Dans le deuxième cas, les règles semblent être claires : versement de l'AEEH pour les périodes de retour au foyer, versement de la PCH établissement.
Dans le premier cas, il me semble que l'AEEH et la PCH doivent continuées à être versées à la famille, en tenant compte néanmoins des règles applicables.
La législation prestations familiales prévoit le maintien des droits aux autres prestations1 lorsque l'enfant garde des liens affectifs. D'autre part, lorsque le parent finance des soins ou autres, on ne peut considérer que l'enfant est pris en charge complètement par l'aide sociale à l'enfance. Dans ce cas, toutes les conditions sont réunies pour le maintien des droits à l'AEEH et à ses compléments.
En théorie pourtant, l'Aide Sociale à l'Enfance doit prendre en charge tous les soins : mais il n'est pas difficile d'imaginer que pour des enfants autistes, elle ne le fasse pas !
A noter le caractère ridicule d'un maintien d'un complément d'AEEH pour les périodes de retour au foyer, en raison des soins pris en charge par les parents – ce qui conduit à ne les indemniser que très partiellement (par exemple 2/7ème des frais).
Sur l'impact d'un placement en famille d’accueil d'un enfant sur la durée d'activité d'un parent, on imagine mal qu'un parent puisse du jour au lendemain retrouver une activité grâce à ce placement, tout en restant disponible pour accueillir de nouveau l'enfant, ce qui est l'objectif premier de l'ASE.
Pour la PCH, cela peut être plus simple.
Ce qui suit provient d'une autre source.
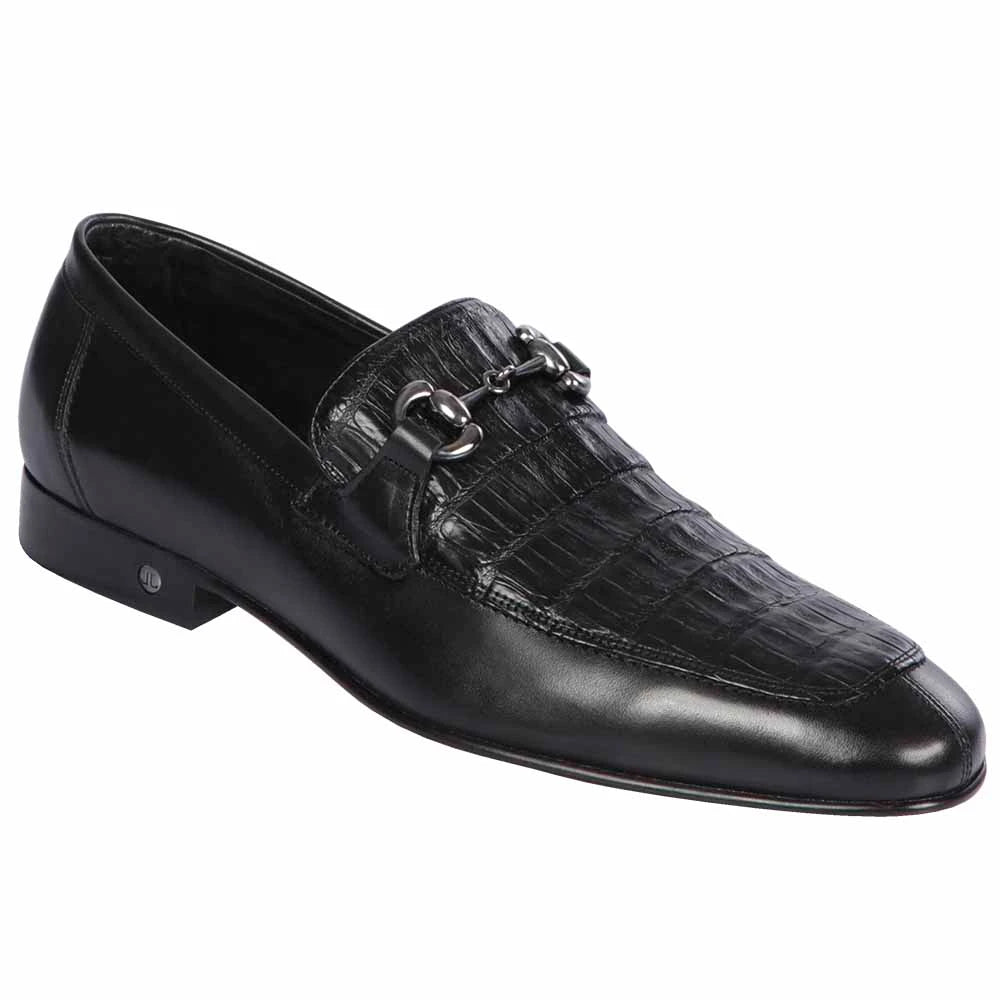 Los Altos ZLD018205 Men's Black Genuine Caiman Crocodile Belly/Calf Leather Loafers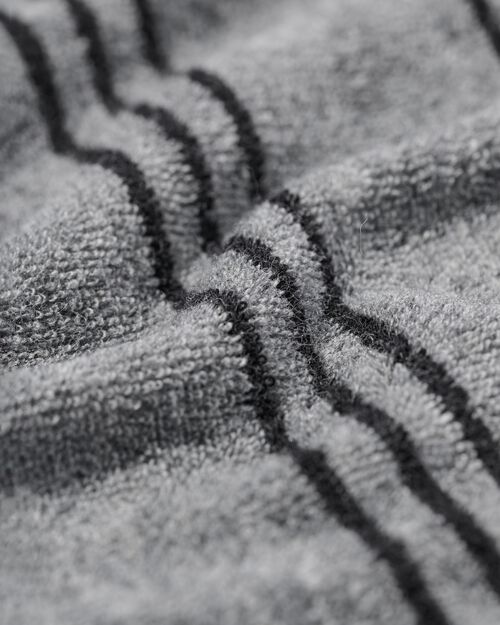 pyjama homme éponge à rayures gris moyen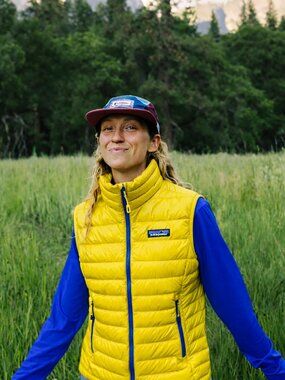 Patagonia Down Sweater Vest Sulphur Yellow Cobalt Blue Size Small Puffer Vest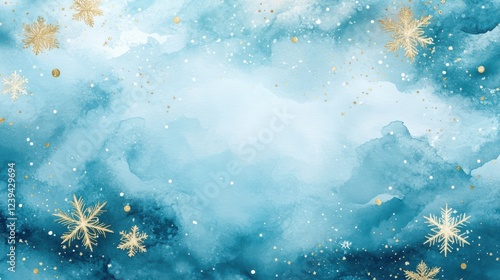 Hand-Drawn Snowflakes with Golden Stars on Pastel Background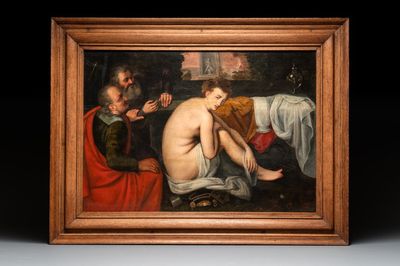 Workshop of Frans Floris (1519/20-1570): 'Suzanna and the elders', oil on panel, 16th C.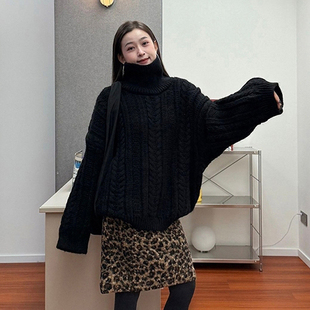 复古黑色重工高领麻花毛衣女秋冬慵懒风宽松加厚针织衫可外穿上衣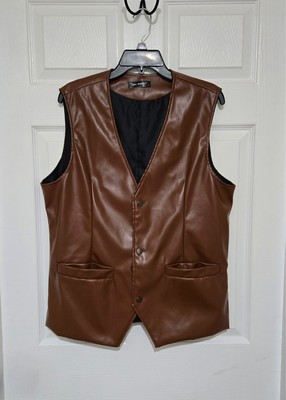Lars Amadeus Brown Faux Leather Vest Men s Large Lined Motorcycle Style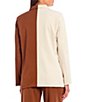 Color:Natural/Brown - Image 2 - Two-Tone Color Block Notch Collar Long Sleeve Jacket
La PCH aide humaine (hors PCH établissement) est versée en fonction du nombre de jours réels dans la famille, les autres éléments de la PCH étant versés pour les parents s'ils assurent les dépenses.
La CNSA aborde aussi la question des droits des familles d'accueil, qui font parfois des choses exceptionnelles !
Pour le dire comme le Président de la République, mettre un enfant en famille d'accueil, c’est foutre le bordel dans les prestations ...
Renouvellement des droits
Il est dommage que les stats des MDPH ne distinguent pas les délais pour l'attribution des premiers droits de ceux pour les renouvellements.
Je rigole d'ailleurs (jaune) d'apprendre que les délais affichés concernent ceux entre le dossier recevable et celui de la décision. Le délai réel est entre l'envoi du dossier et le paiement de la prestation !
Les organismes débiteurs avertissent en général 6 mois avant qu'il faut demander le renouvellement de l'AEEH ou de l'AAH. Cela devrait devenir obligatoire : c'est trop tentant de supprimer cette information, génératrice de courriers ! Les Conseils départementaux devraient aussi le faire, pour la PCH. A moins de confier cette information aux MDPH.
CAF et MSA peuvent maintenir l'AAH en attente d'une décision de la CDAPH. Il est dommage que ce ne soit pas possible pour l'AEEH.